A media mañana de un día de 1946, en Madrid, pasa a la administración de la residencia de Diego de León. Saltan a la vista varios detalles de desastrado desorden: un armario con las puertas entreabiertas; otro, con el interior revuelto; las compras del mercado, aún en banastas y paquetes, sin colocar en la despensa; en el lavadero, una pila de platos y tazas usados… Aquélla no parece una casa del Opus Dei. Escrivá se disgusta. Llama a la directora. Pero, al parecer, no está. Acude Flor Cano, otra mujer de la Obra, y es ella quien recibe el «chaparrón» de protestas del Padre:
-¡Esto no puede ser! ¡Esto no puede ser…! ¿Dónde está vuestra presencia de Dios en el trabajo?… ¡Tenéis que vivir todo con más sentido de responsabilidad!
Sin darse cuenta, Escrivá ha ido alzando y endureciendo el tono de voz. De repente se detiene, guarda silencio un instante. Enseguida, con otra entonación completamente distinta, dice:
-Señor… ¡perdóname! Y tú, hija mía, perdóname también.
-¡Padre, por favor, si tiene usted toda la razón del mundo!
-Sí, la tengo, porque lo que te estoy diciendo es verdad… Pero no te lo debo decir en este tono. Así que, hija mía, perdóname. (45)

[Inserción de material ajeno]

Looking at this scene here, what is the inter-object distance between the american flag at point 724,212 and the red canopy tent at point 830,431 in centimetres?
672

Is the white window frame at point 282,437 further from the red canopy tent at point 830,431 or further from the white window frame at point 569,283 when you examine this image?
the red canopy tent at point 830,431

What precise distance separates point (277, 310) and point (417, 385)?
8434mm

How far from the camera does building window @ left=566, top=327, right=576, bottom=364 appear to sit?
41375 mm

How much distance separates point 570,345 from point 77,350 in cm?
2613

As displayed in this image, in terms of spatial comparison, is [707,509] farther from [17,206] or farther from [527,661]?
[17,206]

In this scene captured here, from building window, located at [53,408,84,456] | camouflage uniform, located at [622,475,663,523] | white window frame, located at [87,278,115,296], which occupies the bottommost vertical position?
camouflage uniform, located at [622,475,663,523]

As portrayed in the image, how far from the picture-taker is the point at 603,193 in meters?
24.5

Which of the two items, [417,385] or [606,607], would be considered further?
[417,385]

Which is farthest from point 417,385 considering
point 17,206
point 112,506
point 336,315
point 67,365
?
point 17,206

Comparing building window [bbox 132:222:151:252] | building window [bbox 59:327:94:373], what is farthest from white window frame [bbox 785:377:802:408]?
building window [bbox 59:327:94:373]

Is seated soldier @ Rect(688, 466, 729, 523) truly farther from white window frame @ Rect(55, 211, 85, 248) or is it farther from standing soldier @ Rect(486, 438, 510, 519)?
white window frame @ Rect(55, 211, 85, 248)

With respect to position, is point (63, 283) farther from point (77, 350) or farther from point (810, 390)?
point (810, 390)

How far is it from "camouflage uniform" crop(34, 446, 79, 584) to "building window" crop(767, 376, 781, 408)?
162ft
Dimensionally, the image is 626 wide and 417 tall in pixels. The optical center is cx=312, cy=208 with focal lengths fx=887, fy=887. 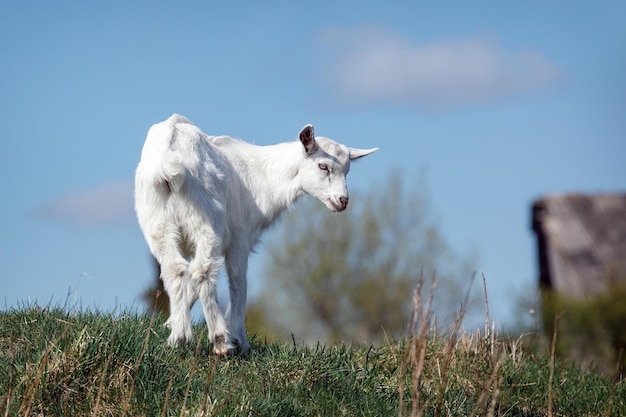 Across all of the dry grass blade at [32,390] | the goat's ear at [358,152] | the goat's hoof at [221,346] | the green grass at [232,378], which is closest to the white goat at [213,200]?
the goat's hoof at [221,346]

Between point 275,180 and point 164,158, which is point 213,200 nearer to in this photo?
point 164,158

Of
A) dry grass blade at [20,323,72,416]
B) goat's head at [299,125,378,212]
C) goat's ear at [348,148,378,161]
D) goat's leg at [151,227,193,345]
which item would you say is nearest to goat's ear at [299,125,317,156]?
goat's head at [299,125,378,212]

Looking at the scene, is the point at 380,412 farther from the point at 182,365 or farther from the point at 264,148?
the point at 264,148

Otra vez, en Roma, a través del teléfono interior, corrige con energía a uno de la Obra, Ernesto Juliá, por haber dejado de realizar un trabajo importante. Ernesto no protesta ni se excusa. Al cabo de un rato, alguien informa a Escrivá de que Ernesto Juliá no puede tener ni idea de ese asunto, porque no se le ha encargado a él. Al instante, sin dilación, el Padre vuelve a telefonear a ese hijo suyo y le pide que acuda a un punto de la casa donde se comunican los edificios de la Casa del Vicolo y la Villa Vecchia.
Cuando llega Ernesto Juliá, ya está allí Escrivá. Abre sus brazos con gesto de abrir el corazón, alojador, de par en par. Y, con una sonrisa diáfana y rezumante de cariño, le dice:
-¡Hijo mío, te pido perdón y te devuelvo la honra! (46)
Le duele dejar resentida a una persona y no tarda en restañar la herida que, aun sin querer, ha podido producir. Por eso es pronto y pródigo a la hora de rectificar y pedir perdón.
También en Roma, un día de enero de 1955, mientras unos cuantos alumnos del Colegio Romano están charlando con el Padre, en una zona de paso de Villa Tevere, aparece por allí Fernando Acaso. Escrivá le pregunta si ha recogido ya los muebles que han de colocarse cerca de unas escaleras. Fernando inicia un circunloquio evasivo, sin aclarar si los muebles están o no están ya en casa. El Padre ataja:
-Pero ¿los has traído? ¿Sí o no?
-No, Padre.
Escrivá, a propósito de este episodio, dice a los que están allí que deben ser «siempre sinceros y directos, sin temor a nada ni a nadie», y «sin excusaros, ¡porque nadie os está acusando!».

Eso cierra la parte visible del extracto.